I miss Music Lab, having 3 hosts on MLB Home Plate's morning show, XM200 which was nothing but full-length concerts...

I lament the fact that XM Comedy became "Raw Dog" and instead of uncensored good comedy, they added more "Howard Stern"-ish stuff - comics who think they're funny just because they can swear a lot. Believe me, there's a big different between Eddie Murphy (in his prime) and many of the non-names on that channel today. At least they DID give us "Blue Collar" so that's a plus.

It *is* still better than terrestrial radio, though.


----------



## reddice (Feb 18, 2003)

The 80's channel is a total waste. Loved the XM version but except for the weekly countdown the Sirius version plays the same 20 songs over and over again or it seems like that. It is horrible now.


----------



## wilbur_the_goose (Aug 16, 2006)

I really miss the annual "IT"


----------



## max1 (Aug 12, 2005)

Not as much now. I have an I pod touch i can stream with AOL radio and I heart,Pandera etc- Radio and listen to tons of stations for free even without ever hearing a commercial!! It's a blast podcasting as well. Grant it i only use at home but it's great dont have to worry about signal loss. Plus now with the I Phone you can use other apps as well. I know DJ will disagree but i just dont see sirius lasting. The technology thats coming out now is going to be very hard for Sirius to compete and may eventually put them out of buisness along with some local fm markets. .My guess Sirius has about 5 years left. Max


----------



## rudeney (May 28, 2007)

For me, I mostly listen to music in the car. Our OTA radio market is complete crap with very little choice unless you like country. Even with the Sirius/XM changes that I didn't like (and I was originally with Sirius), I'm still glad to pay for it to have an alternative to OTA.


----------



## koji68 (Jun 21, 2004)

I started with Sirius and all the channels that I listen to stayed the same so I have no complaints. I understand the disappointment that the XM users must have as at the beginning this was not the case and I wan considering canceling.


----------



## koji68 (Jun 21, 2004)

max1 said:


> My guess Sirius has about 5 years left. Max


I can see that happening when 3G service is available reliably everywhere. Why pay for another service when you can stream Internet radio through your phone from multiple music services?
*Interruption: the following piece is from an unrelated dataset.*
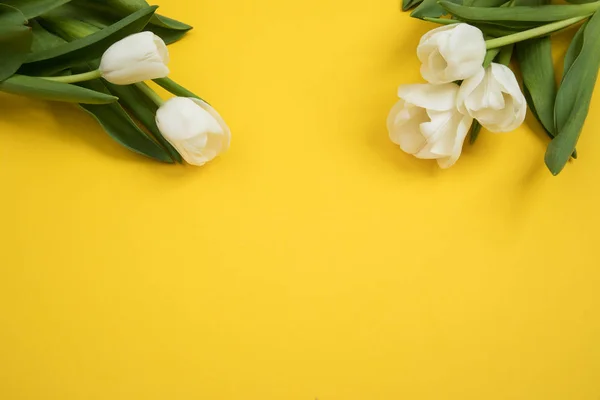Tulp bloemen briefkaart — Stockfoto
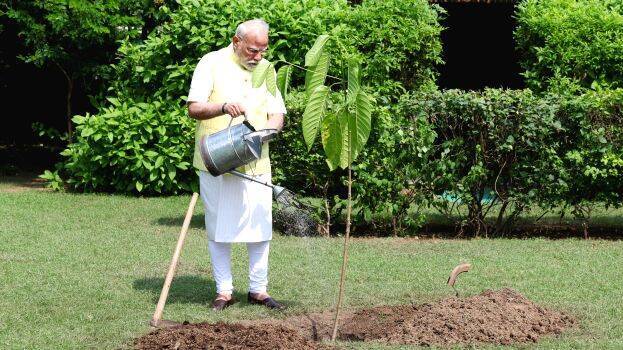 modi-plant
However in a lot of areas 3G is not available and satellite is king. So I think they will stay although maybe changed and smaller. Maybe bought out by a bigger player.


----------



## erosroadie (Jan 9, 2007)

wilbur_the_goose said:


> Yeah, I'm still a subscriber, but I really rue the loss of XM. I never realized how good we had it while we had it.
> 
> Sirius/XM is sooo bad compared to XM. I'll stick with them for now because FM is just so bad in Philly (other than WXPN).
> 
> Do you miss XM too?:nono:


Yes, especially *Beyond Jazz*. Spa on Sirius/XM is a waste of bandwdth...


----------



## mountainDBS (Jul 31, 2009)

U would think the 2 companies getting together would have an awsome catalog of music, instead they charge us a "royality Fee" and play the same ol crap day after day. :nono:


----------



## Kansas Zephyr (Jun 30, 2007)

rudeney said:


> For me, I mostly listen to music in the car. Our OTA radio market is complete crap with very little choice unless you like country. Even with the Sirius/XM changes that I didn't like (and I was originally with Sirius), I'm still glad to pay for it to have an alternative to OTA.


+1

I've only been a sub since April...so I never expirenced the pre-merger XM.
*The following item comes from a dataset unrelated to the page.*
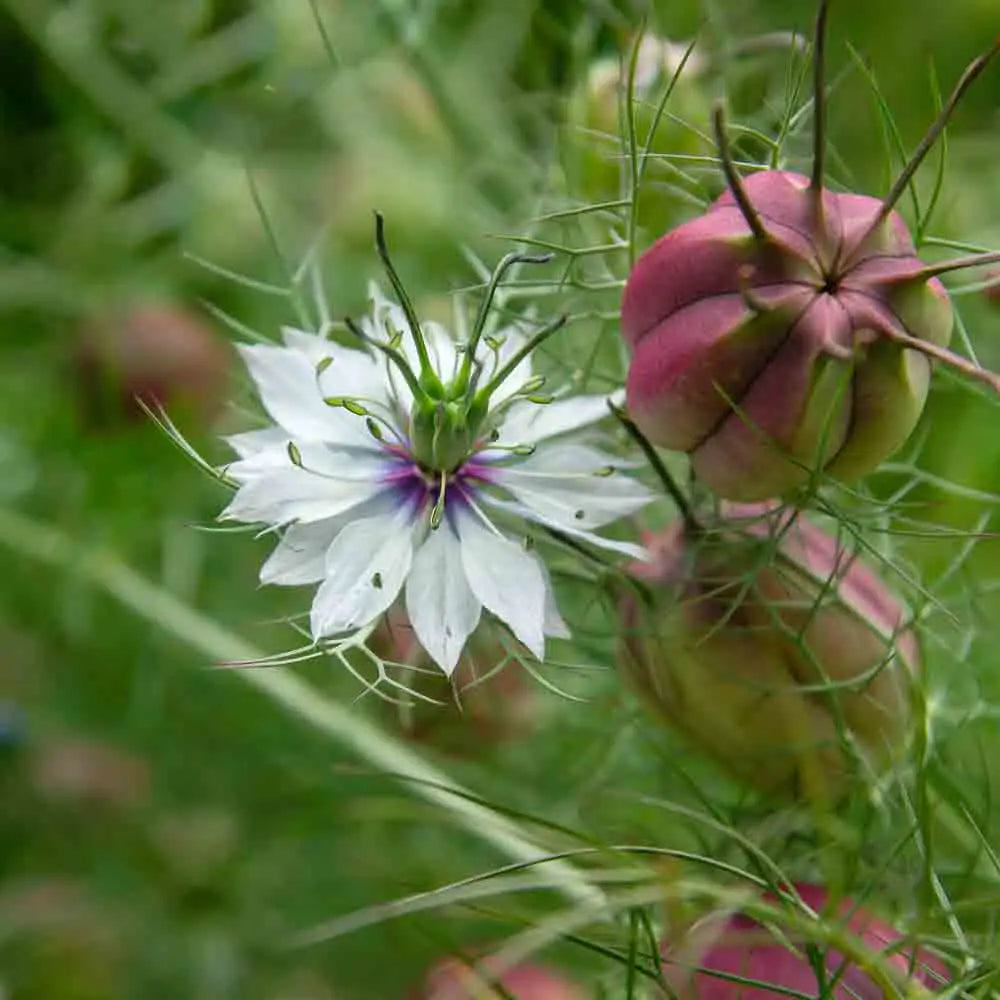 NIGELLE DE DAMAS BLANCHE A CAPSULE ROUGE AB 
But, I haven't listened to OTA radio since.


----------



## Gonesouth (Dec 26, 2007)

I am on the opposite side of the fence. I really do not miss it, and to be honest the only reason I went to XM because at the time my office window could not hit the Sirius sat. To much money involved with XM to switch to Sirius.



wilbur_the_goose said:


> Yeah, I'm still a subscriber, but I really rue the loss of XM. I never realized how good we had it while we had it.
> 
> Sirius/XM is sooo bad compared to XM. I'll stick with them for now because FM is just so bad in Philly (other than WXPN).
> 
> Do you miss XM too?:nono:


----------



## reddice (Feb 18, 2003)

By the way what is so great about Pandora and Slacker. I know when I try stations on there I hear the same played out songs over and over again worse on Pandora.

AOL Radio was good. I like the music but they play way too many annoying commercials, even ones with videos. If they gave me a subscription option I might try it but I hate when I first load it and have to mute two to three minutes of commercials before the music will start. Many times I just close it in disgust. I miss the ad free AOL Radio Canada which worked fine in the US.


----------



## HalfMoon (Aug 10, 2003)

djlong said:


> I lament the fact that XM Comedy became "Raw Dog" and instead of uncensored good comedy, they added more "Howard Stern"-ish stuff - comics who think they're funny just because they can swear a lot. Believe me, there's a big different between Eddie Murphy (in his prime) and many of the non-names on that channel today. At least they DID give us "Blue Collar" so that's a plus.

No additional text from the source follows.